I followed this up with training at a well-known gym nearby, which was headed by Shri Mukesh Gehlot. He saw me perform and said -’You are medal material.’ I quote him “Agar tera medal nahi aata hai , toh main gym band karwa dunga”’. That one sentence instilled even more confidence in me. I started taking part in University level competitions against competitive and fierce sportsmen.
Finally I got a break and went on to represent the State at the Nationals in my second year, and followed it up with another win.
Q2. (Seeing his bulky biceps) Did you always have muscles like these or is it because of weightlifting training?
See, it’s never about the body. You see so many beefed up muscular people but they aren’t all weightlifters. It’s about the technique, followed by power lifting. If you have the right technique, you can lift anything. Obviously, self-belief is very important.

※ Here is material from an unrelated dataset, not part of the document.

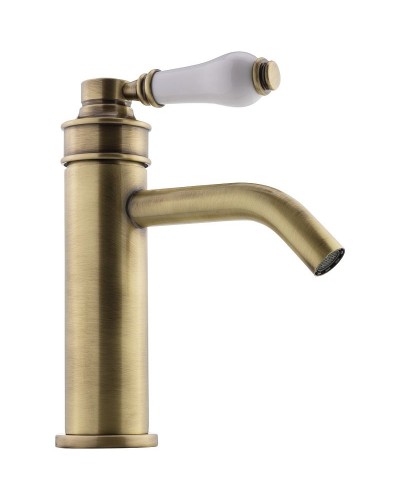 Смеситель для раковины Migliore Ermitage Mini 28574 Бронза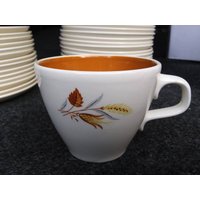 Tst "Autumn Harvest" Kaffeetasse Taylor Smith Super Zustand von Redstone2020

Q3. Even after all your weightlifting endeavours, you have fared decently in academics. Shed some light, please?
As we all know, there is a lot of spare time. Time should be managed well. Also, one needs to be serious. I knew what I was getting into. I knew there would be a lot of pressure and I thought I could handle it. A lot of these competitions and tournaments happen around our college end semester exams. There have been difficult times when I have had to compete in a tournament, just a week before the semester exams. I had to struggle hard in those last 2-3 days before the exams even when my body was completely drained out, demanding respite.
But the seriousness to handle everything gets the better of me and I push myself physically to the limits.

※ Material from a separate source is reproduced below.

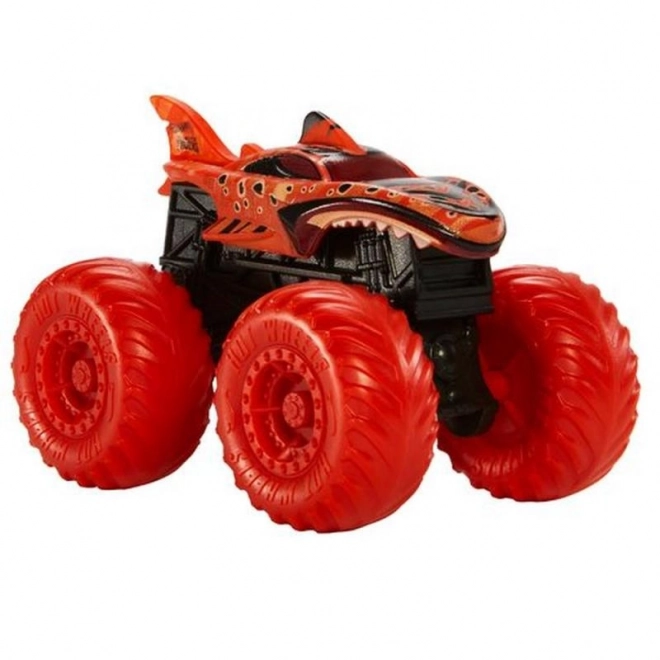 Hot Wheels Monster Trucks Color Reveal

Q4. Has the college not been able to give any kind of support that could have helped you better?
It’s tricky to say the least. I am grateful that I have a platform like NSIT to make my dreams come true. But, a little bit of additional support would have helped. I couldn’t take part in professional training camps before international competitions as they usually last for two months, and in a college like NSIT, attendance is a nuisance. I do wish that something is done about this.
It is unfortunate to see the college sponsoring students’ initiatives like fests, workshops or HNMUN, but not provide financial aid to a budding sportsman. This is not just an issue with the college, but even our government, which hardly celebrates the winning of laurels by our country’s sportsmen.
Q5. How has your family coped with everything? Is it very difficult these days to garner support for one’s passions?
Luckily, my brother had already paved some way for me by the time I started competitive weightlifting. My parents have been really proud of my achievements. Every parent wants their child to be successful and mine are no different. As I mentioned, my decent performance in academics, time-management, hard work has brought faith in them.
Q6. What is your advice for the people in NSIT who want to follow their passion?
I think one needs to be smart. Some passions will just remain passions if the person is bad at time management. This is NSIT- a place with an abundance of spare time. Utilize it well and one will succeed.
Q7. How does an athlete get selected for international competitions like Olymics and Commonwealth ?
After the nationals, the top three are spotted by the National coaches. The shortlisted athletes from all over the country undergo two months of training for International trials. I was also selected for this training and, received an offer letter from the Ministry of Youth Affairs and Sports and the Delhi State, after bagging the bronze at Nationals. But as I mentioned the college wouldn’t grant me a leave for two months. As there is no age limit on participation, I will pursue this after my graduation.